Vector databases are specialised systems for storing and querying high-dimensional vectors (embeddings). They enable semantic search by finding vectors similar to a query vector.
Core Concepts
Vector Search
Given a query vector, find the K most similar vectors in the database.
Similarity metrics:
- Cosine similarity — Angle between vectors (most common for text)

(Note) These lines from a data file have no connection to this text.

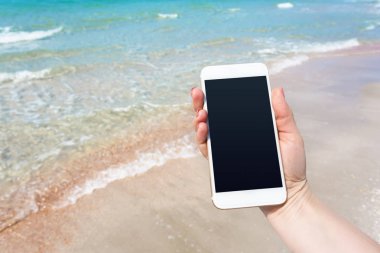 Kumsalda Smartphone kullanarak güzel kadın eli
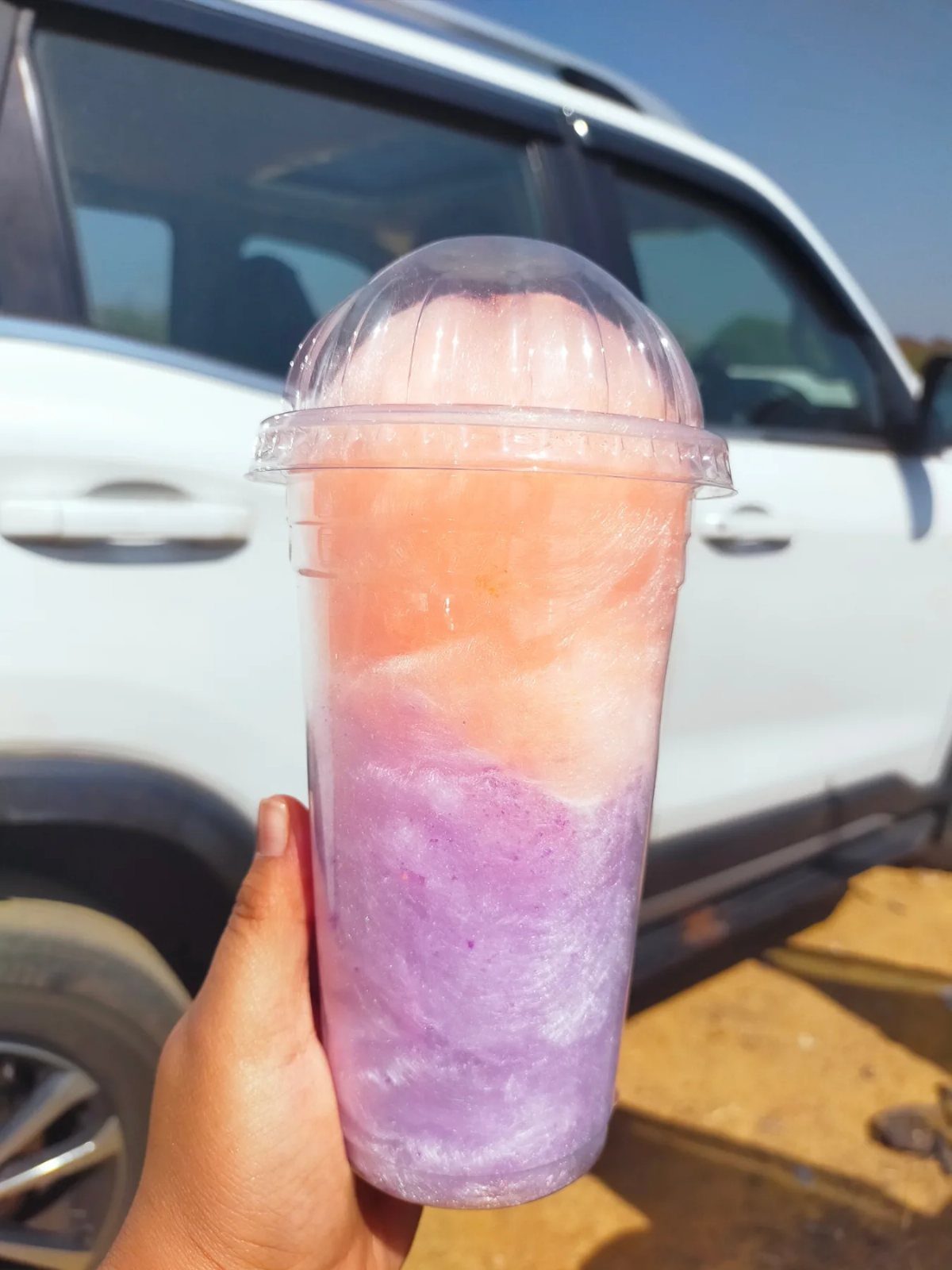A hand holding a clear plastic cup filled with pink and purple cotton candy.
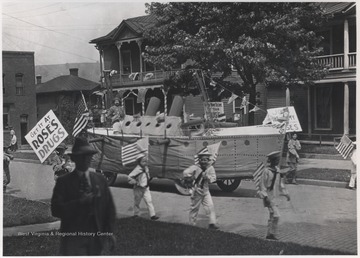 A float shaped as an artillery tank makes its way down Temple Street while young boys dressed as sailors carry American flags and signs for the drugstore. 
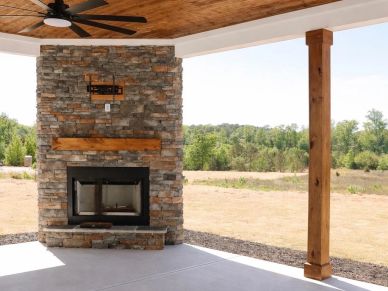 Outdoor stone fireplace with wooden mantel under covered patio.
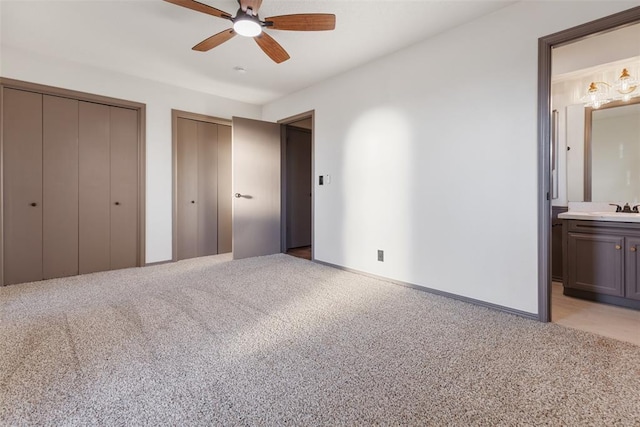 unfurnished bedroom featuring light carpet, a sink, ensuite bathroom, and two closets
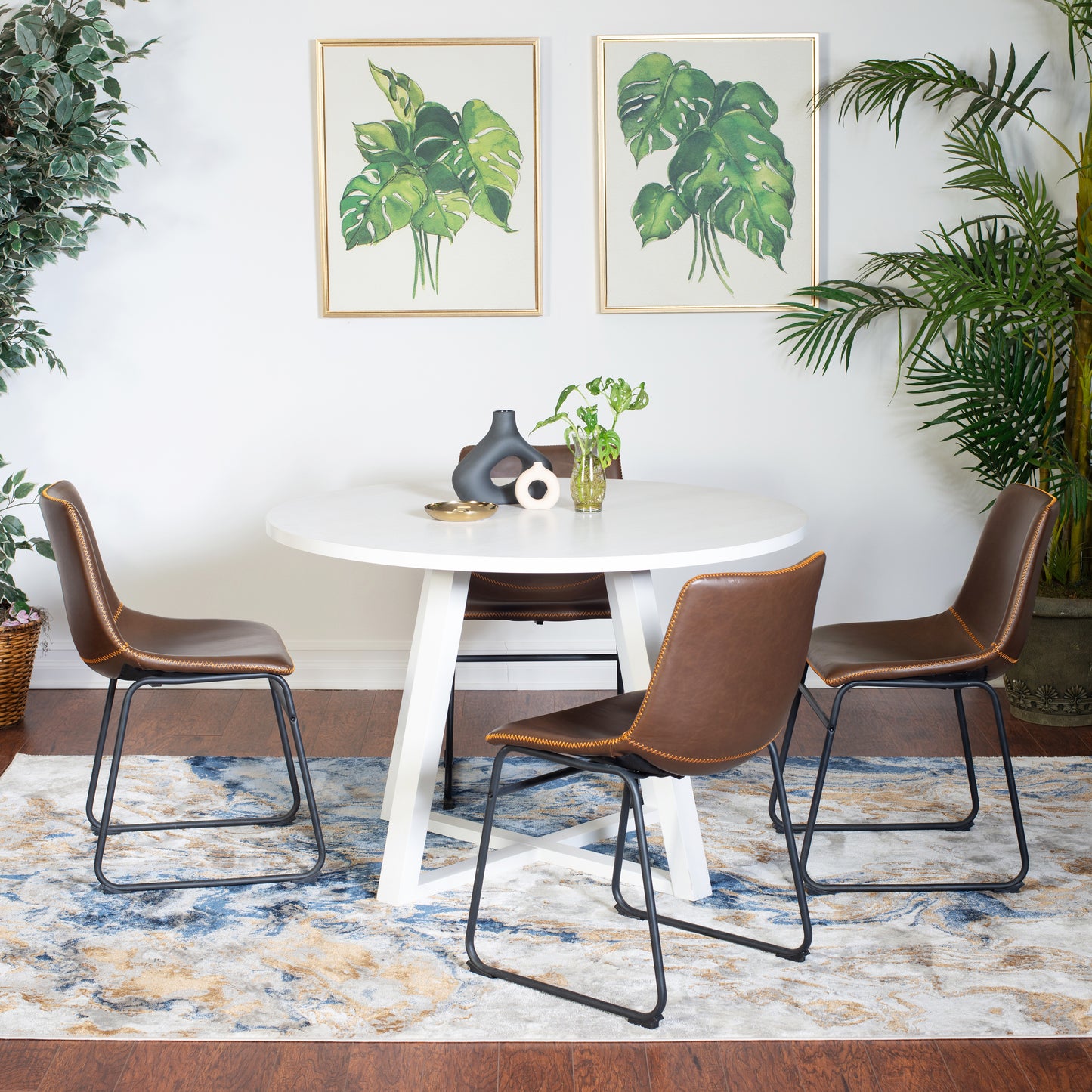 Brown faux leather dining chair with orange stitching and black metal legs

- Euclidean distance — Straight-line distance
- Dot product — Magnitude-aware similarity
Exact vs Approximate Search
Exact (brute force):
- Compare query to every vector
- O(n) complexity
- Perfect accuracy
- Only viable for small datasets
Approximate Nearest Neighbour (ANN):
- Trade accuracy for speed
- O(log n) or O(1) typical
- 95-99% recall is usually acceptable
- Essential for production scale
ANN Algorithms
HNSW (Hierarchical Navigable Small World)
Graph-based algorithm. Builds a multi-layer graph of connections.
- Fast queries
- Good recall
- Higher memory usage
- Most popular choice
IVF (Inverted File Index)
Clusters vectors, searches only relevant clusters.
- Lower memory than HNSW
- Tuneable speed/recall trade-off
- Works well with quantisation
Product Quantisation (PQ)
Compresses vectors by encoding subvectors to centroids.
- Dramatic memory reduction
- Some accuracy loss
- Often combined with IVF (IVF-PQ)
Flat
No indexing, brute force search.
- Perfect recall
- Use for small datasets or ground truth
Vector Databases
Purpose-built
| Database | Highlights |
|---|---|
| Pinecone | Fully managed, serverless option, easy to use |
| Weaviate | Open-source, GraphQL API, hybrid search |
| Qdrant | Open-source, Rust-based, filtering |
| Milvus | Open-source, highly scalable |
| Chroma | Lightweight, embedded, great for prototyping |
| LanceDB | Embedded, columnar, serverless |
Extensions to Existing Databases
| Database | Extension |
|---|---|
| PostgreSQL | pgvector, pgvecto.rs |
| Redis | Redis Stack |
| Elasticsearch | Dense vector field |
| MongoDB | Atlas Vector Search |
| SQLite | sqlite-vss |
When to Use What
Pinecone/Weaviate/Qdrant — Production workloads, need scale
Chroma/LanceDB — Prototyping, embedded use cases
pgvector — Already using PostgreSQL, moderate scale
Redis — Need caching alongside vectors
Key Features
Filtering (Metadata)
Query with both vector similarity AND attribute filters:
Find vectors similar to query
WHERE category = "electronics"
AND price < 100
Pre-filtering vs post-filtering affects performance and recall.
Hybrid Search
Combine vector search with keyword search (BM25). Usually merged with Reciprocal Rank Fusion (RRF).
Multi-tenancy
Isolate data between users/organisations:
- Namespace-based isolation
- Metadata filtering
- Separate collections
Sparse Vectors
Some databases support sparse vectors for keyword matching alongside dense vectors.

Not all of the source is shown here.